Instantly look for and identify fascinating areas of the investigation or navigate through everything. Things like sections, imports, exports, purposes, strings, strings, logo lines and hunt results are merged in a unified place for simple traversal.
Data type evaluation
Automated analysis finds information and explains suitable data types either via investigation or through symbols when accessible. Identify primitive forms, strings, complex structures and much more.
Static Library Diagnosis
Carefully identify commonly linked in static library code, for example compiler runtimes, through static library investigation. Identified static library works have been renamed to their original purposes titles, speeding up your capacity to examine the code.
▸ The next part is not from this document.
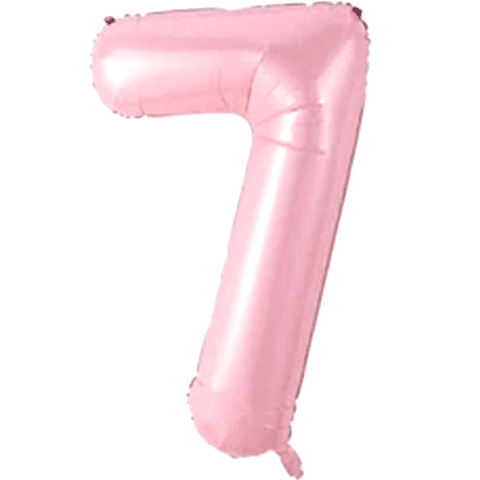 7- RAKAM 34 İNC PEMBE RENK BALON 76 CM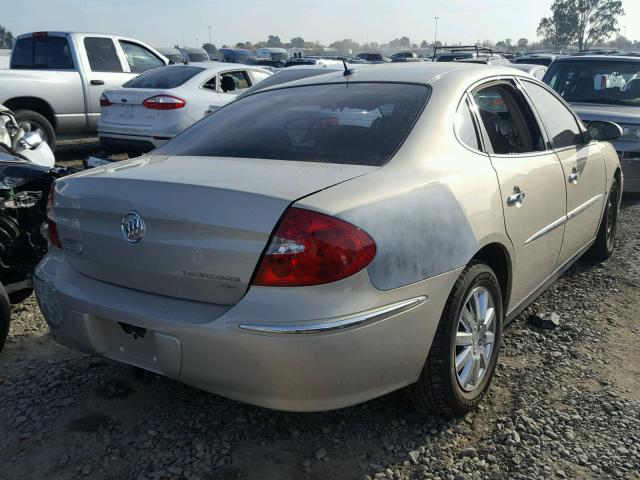 2G4WC582X81259854 - 2008 BUICK LACROSSE C BEIGE photo 4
Create and handle custom information types
Handle the available data types and make new forms by defining them using C/C++ declarations. You could even import C/C++ header files to get into the information types defined inside them. Export the accessible data types as C/C++ headers for interoperability with your tools.
Discover the connections between data and code using interactive benchmark charts. You can create reference charts either to specific goals or originating from particular targets. Socialize with these benchmark charts and browse the code and information you find.
Use chart path highlighting to find all of the ways between any two nodes in a chart. Identify the shortest route to an intriguing code cube, or all possible directions to your information in a reference chart.
Custom address manners
Display and browse code based on relative virtual addresses or virtual addresses. Immediately re-base a binary into a new digital base speech, great once you're using Relyze Desktop along with your debugger and need to take care of address space layout randomization (ASLR).
Expand with plugins
Leverage a wealthy Ruby plugin framework to enlarge Relyze Desktop with new capacities and execute tailored evaluation or study contrary to a binary. An incorporated plugin editor lets you quickly test your thoughts and what runs as expected directly from the box, no extra setup or third-party libraries needed.
Utilize the integrated library supervisor to record every file you examine so you're able to develop a corpus as time passes. Employ your archives with tags and descriptions to readily find and categorize them.
Automated batch evaluation
Process considerable quantities of documents through built in batch evaluation. Batch investigation runs parallel to blaze through numerous papers quickly, automatically label and archive to your own library or operate customized plugins.
Use the GUI's multi-purpose layout to browse between modules to get a fluid analysis encounter. Double-clicking on a import from 1 module can navigate you to the corresponding export in a different version.
Custom GUI topics
The GUI is completely themeable to provide you the very best viewing experience.
The GUI has full Unicode support, letting you use Unicode characters in all function and variable names in addition to remarks and any other person editable parts of the analysis.
Command Line service
Run plugins and examine binaries on the command line, letting you integrate with your current tool chains or construct new work streams.